Because a lot of police forces are soft on drink and drug driving. Roadside spot checks used to be effective but the combination of “civilrighters” and resource has pretty much put paid to that.
Of course it’s not right to track cars! As ever, it’s a PR blunder to sound good to the modern media. Someone has muddled up individuals and possessions.
Firstly it’s not right because it’s probably an offence under privacy laws but, secondly and mostly, because they will be tracking innocent persons in the shape of anyone else who may drive that car, whether a spouse or offspring of the offender or another named driver. It’s classic modern police action, “justified” by saying that they are tracking an offender.

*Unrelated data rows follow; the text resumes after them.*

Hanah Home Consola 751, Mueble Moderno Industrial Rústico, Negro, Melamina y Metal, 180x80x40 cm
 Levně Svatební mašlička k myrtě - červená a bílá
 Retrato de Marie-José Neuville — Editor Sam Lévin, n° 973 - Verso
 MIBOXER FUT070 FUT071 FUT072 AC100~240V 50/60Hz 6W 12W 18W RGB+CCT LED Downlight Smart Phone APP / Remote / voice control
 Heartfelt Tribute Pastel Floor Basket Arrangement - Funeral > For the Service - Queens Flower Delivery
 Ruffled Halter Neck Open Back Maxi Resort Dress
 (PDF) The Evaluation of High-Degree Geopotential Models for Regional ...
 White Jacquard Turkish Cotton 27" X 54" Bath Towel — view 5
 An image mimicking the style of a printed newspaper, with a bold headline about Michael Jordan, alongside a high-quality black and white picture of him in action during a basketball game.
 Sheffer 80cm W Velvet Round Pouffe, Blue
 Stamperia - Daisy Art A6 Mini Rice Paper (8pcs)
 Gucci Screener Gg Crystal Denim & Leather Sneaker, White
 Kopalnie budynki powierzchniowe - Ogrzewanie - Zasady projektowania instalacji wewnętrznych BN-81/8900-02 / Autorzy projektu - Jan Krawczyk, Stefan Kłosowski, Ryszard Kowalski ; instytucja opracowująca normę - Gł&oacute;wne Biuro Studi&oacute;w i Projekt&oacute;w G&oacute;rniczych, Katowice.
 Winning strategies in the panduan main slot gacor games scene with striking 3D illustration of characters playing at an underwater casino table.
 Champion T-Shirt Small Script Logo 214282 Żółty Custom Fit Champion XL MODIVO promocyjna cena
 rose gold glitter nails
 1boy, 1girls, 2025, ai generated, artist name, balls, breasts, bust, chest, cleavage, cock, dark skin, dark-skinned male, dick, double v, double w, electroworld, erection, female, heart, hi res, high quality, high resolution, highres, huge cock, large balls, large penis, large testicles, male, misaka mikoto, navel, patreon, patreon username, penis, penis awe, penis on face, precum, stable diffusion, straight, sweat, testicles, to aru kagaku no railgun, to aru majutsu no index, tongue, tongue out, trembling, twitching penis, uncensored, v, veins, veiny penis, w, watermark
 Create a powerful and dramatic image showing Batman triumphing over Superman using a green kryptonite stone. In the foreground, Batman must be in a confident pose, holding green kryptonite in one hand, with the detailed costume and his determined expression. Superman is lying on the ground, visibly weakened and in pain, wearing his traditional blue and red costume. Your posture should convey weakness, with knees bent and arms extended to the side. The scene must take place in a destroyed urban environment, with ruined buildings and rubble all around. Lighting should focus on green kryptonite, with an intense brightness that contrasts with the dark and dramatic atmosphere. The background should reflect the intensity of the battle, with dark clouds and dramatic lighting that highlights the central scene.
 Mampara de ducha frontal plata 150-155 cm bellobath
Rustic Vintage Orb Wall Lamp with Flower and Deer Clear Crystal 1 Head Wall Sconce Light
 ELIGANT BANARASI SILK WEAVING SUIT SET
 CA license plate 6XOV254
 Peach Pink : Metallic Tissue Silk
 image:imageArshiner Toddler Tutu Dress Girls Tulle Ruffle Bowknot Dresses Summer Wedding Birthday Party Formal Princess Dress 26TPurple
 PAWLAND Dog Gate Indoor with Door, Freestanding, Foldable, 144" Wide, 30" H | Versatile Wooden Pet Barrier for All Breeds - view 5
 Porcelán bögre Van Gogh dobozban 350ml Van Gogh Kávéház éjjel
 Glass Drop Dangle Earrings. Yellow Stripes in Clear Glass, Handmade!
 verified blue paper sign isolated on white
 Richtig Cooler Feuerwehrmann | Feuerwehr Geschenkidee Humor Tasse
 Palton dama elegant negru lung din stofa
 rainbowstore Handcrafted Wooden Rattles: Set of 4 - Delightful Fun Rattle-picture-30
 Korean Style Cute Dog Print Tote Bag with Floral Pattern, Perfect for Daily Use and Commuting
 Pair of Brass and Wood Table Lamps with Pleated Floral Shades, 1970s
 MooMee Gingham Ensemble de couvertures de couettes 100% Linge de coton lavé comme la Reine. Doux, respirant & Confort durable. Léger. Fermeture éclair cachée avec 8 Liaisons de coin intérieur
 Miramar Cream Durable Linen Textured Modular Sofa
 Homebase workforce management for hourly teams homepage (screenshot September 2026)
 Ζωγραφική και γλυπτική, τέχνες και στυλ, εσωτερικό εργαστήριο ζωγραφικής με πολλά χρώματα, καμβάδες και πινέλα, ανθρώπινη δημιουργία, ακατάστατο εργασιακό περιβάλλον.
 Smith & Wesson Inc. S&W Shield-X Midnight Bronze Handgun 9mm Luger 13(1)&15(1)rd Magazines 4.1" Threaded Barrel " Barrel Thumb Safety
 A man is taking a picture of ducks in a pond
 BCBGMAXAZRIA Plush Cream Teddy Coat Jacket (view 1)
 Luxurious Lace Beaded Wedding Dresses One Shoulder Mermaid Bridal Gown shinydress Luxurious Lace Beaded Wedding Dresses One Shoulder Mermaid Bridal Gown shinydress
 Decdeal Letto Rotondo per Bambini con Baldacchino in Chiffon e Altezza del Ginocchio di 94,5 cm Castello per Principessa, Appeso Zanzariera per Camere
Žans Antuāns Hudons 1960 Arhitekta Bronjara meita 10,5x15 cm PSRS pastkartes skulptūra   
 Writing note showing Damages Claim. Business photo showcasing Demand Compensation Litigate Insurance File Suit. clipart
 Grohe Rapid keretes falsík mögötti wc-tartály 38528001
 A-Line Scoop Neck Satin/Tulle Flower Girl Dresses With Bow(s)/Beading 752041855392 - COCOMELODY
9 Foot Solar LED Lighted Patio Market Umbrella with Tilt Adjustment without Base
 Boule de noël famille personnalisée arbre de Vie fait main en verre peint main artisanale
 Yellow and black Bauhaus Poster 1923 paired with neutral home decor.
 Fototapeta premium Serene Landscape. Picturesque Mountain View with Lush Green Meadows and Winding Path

We have far too much of this intrusion into our lives without the police turning this country into an imitation of the police states of both extreme right (pre-war Germany) and left (USSR) and their likes.
If offenders are to be tracked, it should be by way of court-approved tracking devices attached to the offenders: not their cars!
A disqualified driver if caught driving should have his/ her disqualification time doubled every time caught but then does it make any difference, no because they will do it again so what do you do jail time for the period of the disqualification do it again double the time in nick. we have so many laws that most don’t get enforced anyway. Do they tag ex sex offenders
Why the focus on sex offenders? Remember after completing any sentence you are an EX offender NOT an offender. Do not start banging the sex offender drum just because the hysteria whipped up by the media has conditioned you to do so. A sex offender can be anything from someone who has stolen a womans laundry off a line/pinched a girls bottom in a pub to a murderer. Don’t generalise, all offences are serious.
Someone convicted of drink driving for a second time will use their licence for 3 years.
Check out sentencing guidelines.
A good idea but its an infringement of civil liberties and very open to abuse by our ‘oh so trustworthy non evidence revealing police forces’……
It’s a great idea provided it extends to drug drivers too as I wouldn’t be able to tell the difference between a drug driver and a drunk driver when I had been killed by one ! I would be just as dead !
A brilliant idea in my eyes, but I’m sure somewhere along the way some p.c. Idiot will scream and shout about civil liberties….. it’s not like the police are stopping people driving just monitoring the situation.
Where’s the proof that they are just ‘monitoring’.
Tag the person NOT the car as someone else might drive it. Besides, it should be plainly obvious to a tracking sytem that if the ‘tag’ on a person is moving faster than walking pace it can trigger an ‘alarm’.
Only been in existence for at least 8 years.!! Not just markers on drink drivers cars but whole cross section of criminal behaviour. Also used for vulnerable missing persons who have access to vehicles and has saved many lives.ie suicidal person in car enroute to suicide hot spot, intercepted by police following anpr hit.
Scum will easily get over this, they put their mates onto their insurance and let them borrow the car. Whilst the police are chasing the car, scum has borrowed his mates and is driving around, having a good time. For every good idea, the feckless will always find a way of skirting it.
I am against drink driving in a big way but feel that I must question the actions of the Police. I think that if you have been punished for a crime that should be the end of it. I can’t help wondering weather this a breach of human rites and freedom, as it is illegal to follow and track people without good reason.
I also think that a second offence for drink driving should result in a life time ban internationally as you have breached the rite to drive!
Mark, I used to be “that guy”. As an ex drink driver I can tell you punishment is no deterrent, nor is any kind of ban. What is needed is to change the way you think. My last conviction, nearly seven years ago, nearly landed me in prison (3 convictions within 10 years) but I was offered a 13 week intensive drink driving course as an alternative.
To be honest I thought the whole thing was going to be a waste of my time and public money but not so. It was education and the change in the way I was thinking that was the key to the change in behavior.
Perhaps not so relevant in drink driving but there is evidence to suggest a whole raft of offences and crimes are committed to satisfy risk taking impulses in our highly ordered society.
In short, publicising offences and crimes by the media actually has the result of encouraging more of the same.
Today, I’ll be a pedant.
Rights and rites are very different and thankfully most of us don’t need involvement in the occult to go about our daily activities.
The tracking part was interesting though. The answer is the police have a duty to protect the public and knowingly allowing someone to drink drive is not upholding that duty.
The norm these days is that police duties override the rights of men and women which is frankly a ludicrous situation because what are the police there for then?